Getting other voices heard
While Rhys is from San Antonio, he spent much of his childhood in Sabinal, a small Texas town about an hour’s drive west.
He was placed in the foster care system when he was 6 years old and was adopted by his foster mother when he was 10.
But their relationship was strained and he wanted independence.
“I moved back here to give us some space [and] get on my feet,” he said. “You can’t really get a good job in a small town and I wanted to be on my own — but I couldn’t support myself.”
He eventually found himself living with someone who was struggling with mental health issues and drug addiction — a combination that led to violence in 2018, he said.
“I didn’t have anywhere else to go,” he said. “When people say that their drug use only affects them — they’re wrong because it affects everybody around you, even if you don’t think so.”
He found the Thrive Youth Center program at Haven for Hope and spent 13 months waiting for housing through Opportunity Home San Antonio, formerly San Antonio Housing Authority.
While at Haven, he was asked to help form a Youth Action Board organized by South Alamo Regional Alliance for the Homeless (SARAH).
That board informed a grant proposal for the U.S. Department of Housing and Urban Development to fund new youth-specific programming and partnerships.
At first, he was skeptical. “I was like … are they actually going to hear us? Is it actually going to make a difference?”
It appears so.
In 2019, San Antonio received a $6.9 million grant that funded youth-focused street outreach, transitional housing, rental assistance programs, and the Young Adult Stability and Support Drop-in Center to create a safe place for young adults to access critical resources at Travis Park Church.
“They listened. And that’s what really set it off for me … I put my story out there and they’ve heard me,” he said. “I need to continue this because this is working. … I’m working on getting other voices heard, too.”
It’s hard to pinpoint how many young people age 18-24 live on San Antonio’s streets, in shelters or are couch surfing in any given year. The region’s 2020 point-in-time count found 185 homeless youth and young adults, up from 128 in 2019. The count was canceled in 2021 due to the pandemic, but during the 2022 effort, 156 youth were counted as homeless, 23 were unsheltered.
‘100 more Kamerons’
Rhys started serving as president of the Youth Action Board in 2019 and was appointed to SARAH’s board of directors in 2020.
“Being homeless isn’t easy. And I know these people out here have it pretty hard, which is why I fight for them the way I do,” he said. “I know not all programs will get it right with them.
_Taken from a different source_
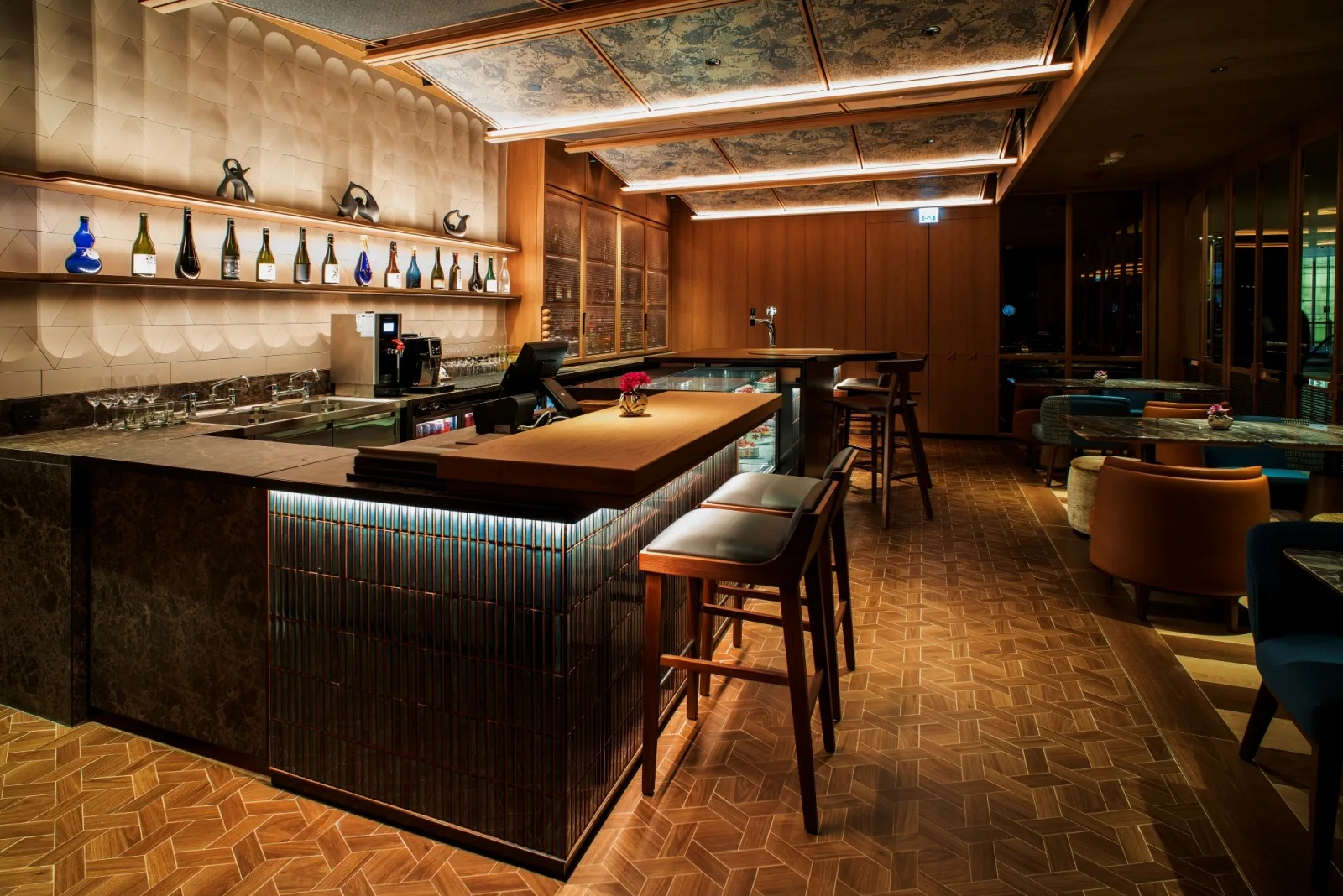 Shikigiku Japanese Restaurant at IFC Mall — photo 9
They get failed and they fall through the cracks.”
He’s taking online courses toward a degree in sociology from the University of Texas at San Antonio and has repaired his relationships with both mothers — his birth mother and his adoptive mother — and his older brother.
Ultimately, he wants to start his own nonprofit that specializes in low-barrier — meaning you don’t have to be sober to benefit — services including emergency shelter, benefit navigation and harm reduction strategies, which reduce negative health consequences associated with drug use, disease and infection.
“I want to serve everybody and not just the ones who fit certain, quote-unquote, criteria,” he said. “Harm reduction really humanizes them. They’re not numbers. … They’re human beings who need some help.”
In the meantime, the staff at Corazón is happy to have Rhys’ smile welcoming folks to the center.
“Kameron is a vital part of Corazón. Not only does he treat our clients with empathy and kindness, his lived experience and perspective help us create policies that reduce gaps in the system and redesign programs that better serve those in need in our community,” said Rev. Gavin Rogers, executive director. “He and other peer support specialists transform us into a much better nonprofit and service provider. I wish I could hire 100 more Kamerons.”